Data Practices
Best Practices
Best Practices
Below, we present general data management and efficiency best practices, provide software specific data recommendations, and highlight strongly recommended reading.
General Data Management & Efficiency Best Practices
- For large projects, keep a README file in the top level directory with a project summary including who was involved, dates, and a listing of the directory structure and important files within that project folder. Avoid unnecessary creation of data sets - combine multiple data steps into a single step if possible.
- Keep files zipped or compressed if you aren't using them.
- Check for duplicate files when sharing a project folder with multiple users.
- Do not keep duplicate copies of raw data in different software formats.
- Avoid keeping unnecessary interim data sets.
- Store common sub-expressions in variables rather than re-computing them.
- Identify which portions of the program are using the most time.
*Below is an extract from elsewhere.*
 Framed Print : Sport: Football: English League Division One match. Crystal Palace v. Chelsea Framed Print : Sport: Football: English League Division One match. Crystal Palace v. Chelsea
In Stata, "set rmsg on" causes the run time to be displayed after each command; in MATLAB, use the "tic" and "toc" functions to compute elapsed time.
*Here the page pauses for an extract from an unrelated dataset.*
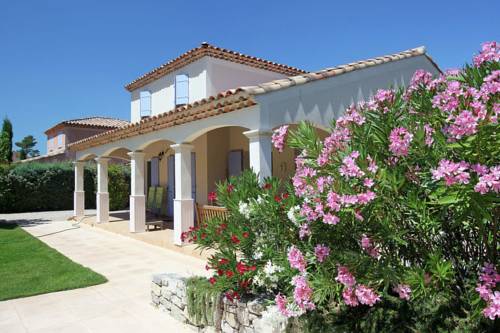 Holiday home Sainte Baume : Guest accommodation near Rougiers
Optimization & Maximum Likelihood (Any Language)
- Supply analytic derivatives and Hessian if possible.
- Supply thoughtful starting values.
- If calculations don't depend on the parameters being estimated, move them outside the likelihood or objective functions calculations so they are only done once, and save results in global variables.
We encourage HBS researchers with large datasets to contact Research Computing Services (research@hbs.edu) for a one-on-one customized review of your data including techniques and tricks that can be used to enhance and expedite your research.
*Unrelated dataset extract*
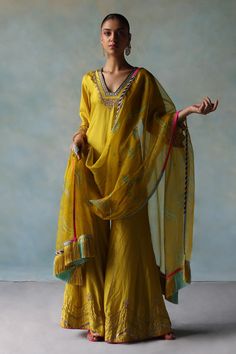 Fashionable Saree, Placement Embroidery, Traditional Attires, Kurta Set For Women, Traditional Indian Outfits, Yellow Silk, Cotton Kurti, Designer Outfits, Indian Couture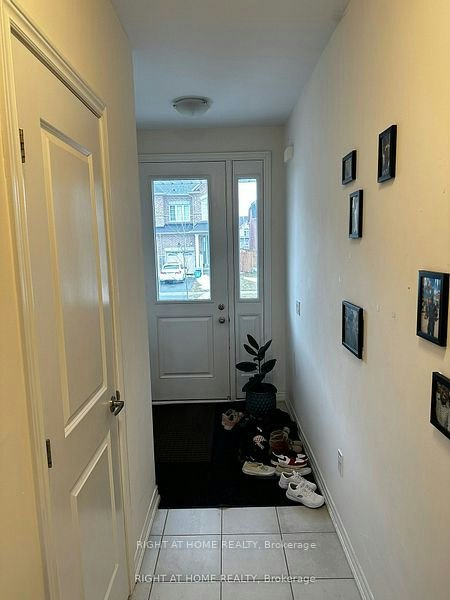 27 Bayonne Drive, Hamilton, ON, L8J 2T7 - 2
Software Specific Data Recommendations
SAS
- For large data sets, use a Length statement to reduce the size of variables.
- If you have long character strings, consider leaving them out or using a FORMAT to convert between strings and shorter codes.
- For PROC GLM, if you have categorical variables with large numbers of levels, use ABSORB statement when appropriate.
- In PROC MIXED, speed can depend on how the model is specified. For example, using RANDOM INTERCEPT/SUBJECT=xxx can be faster than RANDOM xxx.
- For large multilevel models in PROC MIXED, consider using specialized software such as MLWin or HLM instead.
- Determine whether you need all of your variables in the working dataset. Space and computing time may be saved by retaining long character strings or extraneous variables in a separate dataset. Non-essential variables can be merged back into the main datasets when needed.
Stata
- Use built-in commands rather than commands implemented in ado-files if a built-in command is available with the appropriate functionality.
- On the research grid, use stata-large or stata-xl only when you need more memory than the standard stata wrapper will provide you.
- If you are getting unneeded output (e.g. with "by" group processing), use "quietly".
- Avoid macro variable loops if possible - substitute vector-oriented data set processing.
MATLAB
- Use sparse matrices where applicable.
- Use the profiler to identify sections of code that are using the most execution time and optimize those.
- Use vector and matrix operations rather than loops.
Strongly Recommended Reading
The following references are must-reads to get going on best practices for working with research data as a part of the data management lifecycle. If pressed for time, read only the top five:
- Support Your Data: A Research Data Management Guide for Researchers (Borghi et al.)
- Our path to better science in less time using open data science tools (Lowndes et al.)
- Good enough practices in scientific computing (Wilson et al.)
- Data organization in spreadsheets (Broman & Woo)
- Code and Data for the Social Sciences: A Practitioner’s Guide (Gentzkow & Shapiro)
- Data Management for Researchers (Kristen Briney)
- FAIR Guiding Principles for scientific data management and stewardship (Wilkinson et al.)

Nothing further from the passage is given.